[Data provided Boundary: Start]

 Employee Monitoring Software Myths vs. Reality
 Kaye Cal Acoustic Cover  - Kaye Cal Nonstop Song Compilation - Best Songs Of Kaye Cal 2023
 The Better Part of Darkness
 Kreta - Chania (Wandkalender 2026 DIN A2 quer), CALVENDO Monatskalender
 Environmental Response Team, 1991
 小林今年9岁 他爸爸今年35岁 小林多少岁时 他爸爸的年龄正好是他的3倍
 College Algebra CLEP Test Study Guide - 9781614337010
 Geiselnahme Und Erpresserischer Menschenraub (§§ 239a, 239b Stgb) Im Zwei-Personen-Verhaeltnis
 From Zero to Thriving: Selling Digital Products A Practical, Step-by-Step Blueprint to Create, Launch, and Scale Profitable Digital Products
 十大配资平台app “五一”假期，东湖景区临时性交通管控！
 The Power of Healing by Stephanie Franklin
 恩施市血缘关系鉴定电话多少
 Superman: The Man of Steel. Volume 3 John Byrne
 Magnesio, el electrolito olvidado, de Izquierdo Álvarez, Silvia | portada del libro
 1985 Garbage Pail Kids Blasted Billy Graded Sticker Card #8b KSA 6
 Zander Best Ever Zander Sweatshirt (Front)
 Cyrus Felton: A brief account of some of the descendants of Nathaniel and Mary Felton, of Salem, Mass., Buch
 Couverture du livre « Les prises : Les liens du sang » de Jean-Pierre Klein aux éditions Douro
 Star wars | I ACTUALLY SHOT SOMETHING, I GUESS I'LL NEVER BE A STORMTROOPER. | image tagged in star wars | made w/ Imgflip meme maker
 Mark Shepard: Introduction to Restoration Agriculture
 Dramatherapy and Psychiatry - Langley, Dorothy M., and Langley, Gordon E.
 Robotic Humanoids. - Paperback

[Data provided Boundary: End]

Every entry should be retyped exactly as it appears.

## Answer to this exercise
 Employee Monitoring Software Myths vs. Reality
 Kaye Cal Acoustic Cover  - Kaye Cal Nonstop Song Compilation - Best Songs Of Kaye Cal 2023
 The Better Part of Darkness
 Kreta - Chania (Wandkalender 2026 DIN A2 quer), CALVENDO Monatskalender
 Environmental Response Team, 1991
 小林今年9岁 他爸爸今年35岁 小林多少岁时 他爸爸的年龄正好是他的3倍
 College Algebra CLEP Test Study Guide - 9781614337010
 Geiselnahme Und Erpresserischer Menschenraub (§§ 239a, 239b Stgb) Im Zwei-Personen-Verhaeltnis
 From Zero to Thriving: Selling Digital Products A Practical, Step-by-Step Blueprint to Create, Launch, and Scale Profitable Digital Products
 十大配资平台app “五一”假期，东湖景区临时性交通管控！
 The Power of Healing by Stephanie Franklin
 恩施市血缘关系鉴定电话多少
 Superman: The Man of Steel. Volume 3 John Byrne
 Magnesio, el electrolito olvidado, de Izquierdo Álvarez, Silvia | portada del libro
 1985 Garbage Pail Kids Blasted Billy Graded Sticker Card #8b KSA 6
 Zander Best Ever Zander Sweatshirt (Front)
 Cyrus Felton: A brief account of some of the descendants of Nathaniel and Mary Felton, of Salem, Mass., Buch
 Couverture du livre « Les prises : Les liens du sang » de Jean-Pierre Klein aux éditions Douro
 Star wars | I ACTUALLY SHOT SOMETHING, I GUESS I'LL NEVER BE A STORMTROOPER. | image tagged in star wars | made w/ Imgflip meme maker
 Mark Shepard: Introduction to Restoration Agriculture
 Dramatherapy and Psychiatry - Langley, Dorothy M., and Langley, Gordon E.
 Robotic Humanoids. - Paperback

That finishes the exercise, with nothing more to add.